Le Premier ministre ukrainien Denys Chmygal et le président du Parlement, Rouslan Stefantchouk, sont arrivés à Lugano dès dimanche. Ils ont rencontré la présidente de la Commission européenne, Ursula von der Leyen, afin de poser les bases d'un "Plan Marshall" pour l'Ukraine. L'urgence est d'aider la population touchée par la guerre avant, dans un deuxième temps, de financer des milliers de projets de reconstruction et, à long terme, de préparer une Ukraine européenne, verte et numérique, a expliqué Denys Chmygal.

Robert Mardini, le directeur général du Comité international de la Croix-Rouge, a jugé sur la chaîne publique suisse RTS qu'il était vital de donner dès maintenant "une perspective positive" aux Ukrainiens.
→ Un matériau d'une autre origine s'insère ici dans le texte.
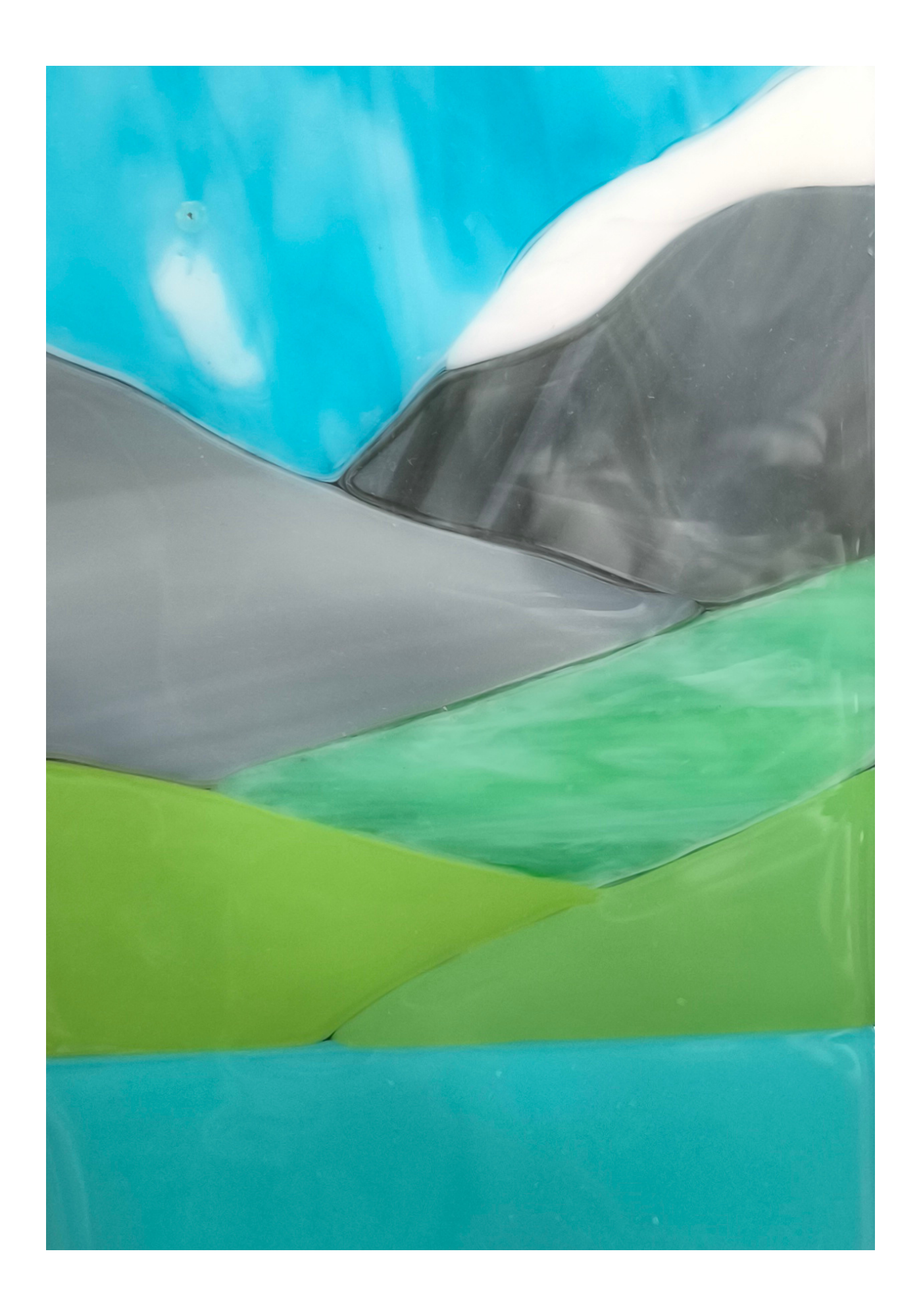 Paysage de montagne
La Banque européenne d'investissement doit proposer la création d'un nouveau fonds pour l'Ukraine

La Banque européenne d'investissement (BEI) doit proposer la création d'un nouveau fonds pour l'Ukraine, qui pourrait atteindre 100 milliards d'euros, selon des sources informées. Et pour Denys Chmygal, les avoirs russes gelés dans les pays occidentaux sont à eux seuls évalués à 300 à 500 milliards de dollars.

"Guerre absurde"

L'Ukraine appelle par ailleurs ses alliés à faire pression sur les compagnies maritimes pour qu'elles cessent de faire du transport de marchandises pour la Russie et de l'aider à écouler ses productions. Le Zhibek Zholy, un cargo battant pavillon russe, est ainsi ancré depuis cinq jours au large de la Turquie, en mer Noire. L'Ukraine, qui accuse la Russie de voler ses récoltes de blé, affirme que le navire en transporte 7.000 tonnes obtenues illégalement. Une source diplomatique turque a affirmé mardi à l'AFP qu'une "inspection" était en cours à bord. Volodymyr Zelensky a dénoncé mardi le rôle des entreprises grecques dans l'exportation du pétrole russe.
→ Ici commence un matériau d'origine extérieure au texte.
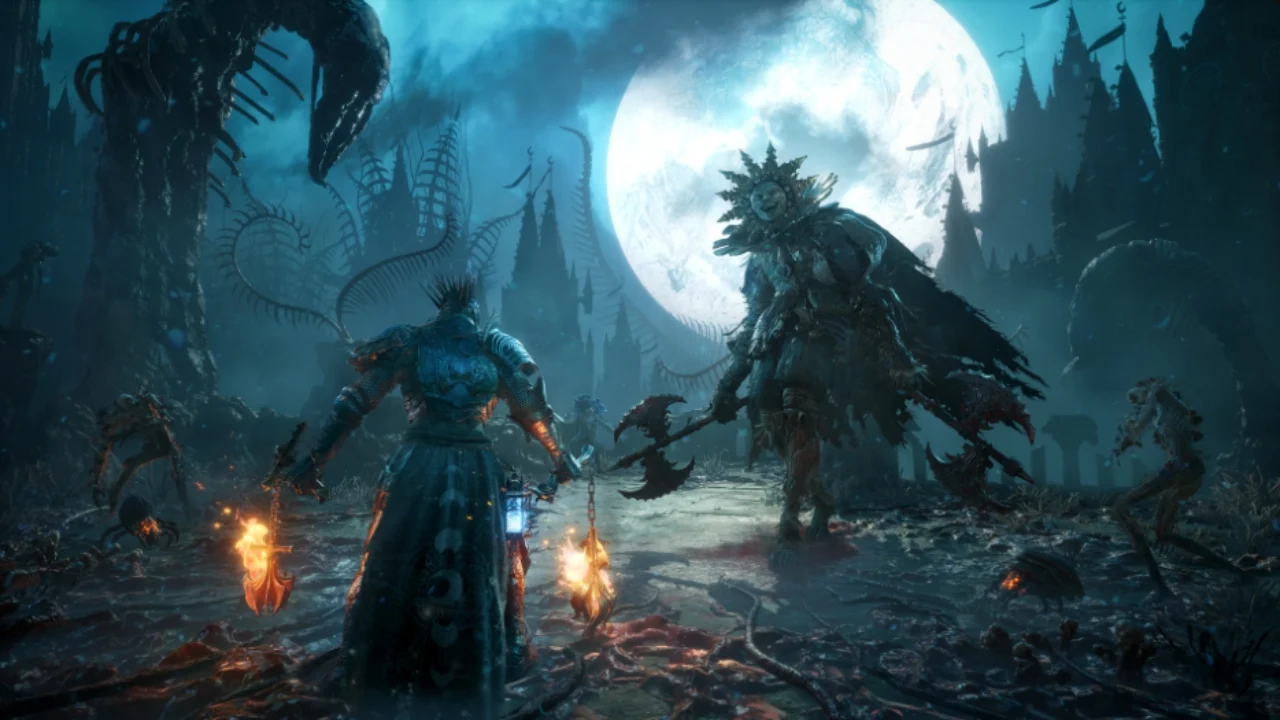 CI Games Confirms Lords of the Fallen 2 for 2026 with Brutal Combat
Il a également dit "croire" que le Bélarus, un allié de Moscou, ne se laisserait pas "entraîner" dans la guerre. Une opinion partagée par Svetlana Tikhanovskaïa, cheffe de file de la dissidence bélarusse, qui "doute vraiment que les troupes bélarusses", qui sont "extrêmement démoralisées", "participent à l'invasion de l'Ukraine", une "nation amie". La guerre continue par ailleurs de peser sur l'économie européenne: l'euro a plongé mardi à son plus bas depuis fin 2002 face au dollar, s'approchant de la parité, emporté par les tensions sur l'énergie en Europe provoquées par le conflit.

La Haute-Commissaire aux droits de l'Homme de l'ONU Michelle Bachelet a fustigé le bilan civil "intolérable" du conflit (près de 5.000 civils tués confirmés, dont 335 enfants - sans doute bien en-dessous du bilan réel) et les nombreuses violations des droits humains visant la population. "Au nom de chaque victime de cette guerre absurde, les exécutions, la torture et les détentions arbitraires doivent cesser", a-t-elle lancé devant le Conseil des droits de l'Homme des Nations unies à Genève.
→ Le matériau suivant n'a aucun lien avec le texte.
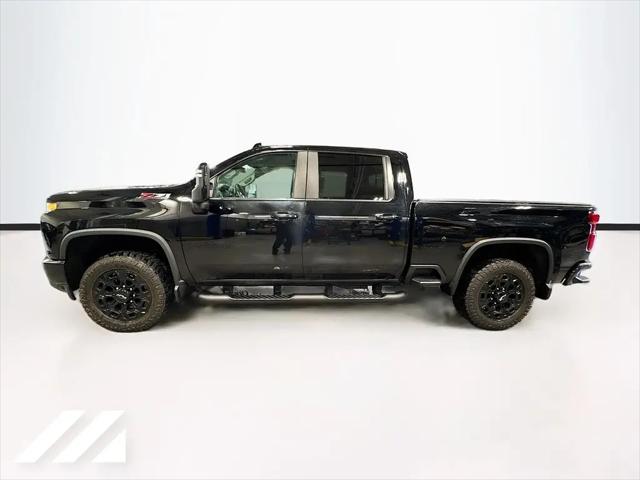 2021 Chevrolet Silverado 2500HD LTZ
Le conflit a causé l'un des plus importants déplacements de population en Europe - plus de huit millions d'Ukrainiens - depuis la fin de la seconde guerre mondiale. Sur le plan militaire, des sources de sécurité occidentales évoquent 15.000 à 20.000 soldats russes tués. Les forces ukrainiennes perdent chaque jour une centaine de soldats, selon Kiev. Les autorités françaises ont confirmé mardi "la triste nouvelle" de la mort d'un second combattant français en Ukraine.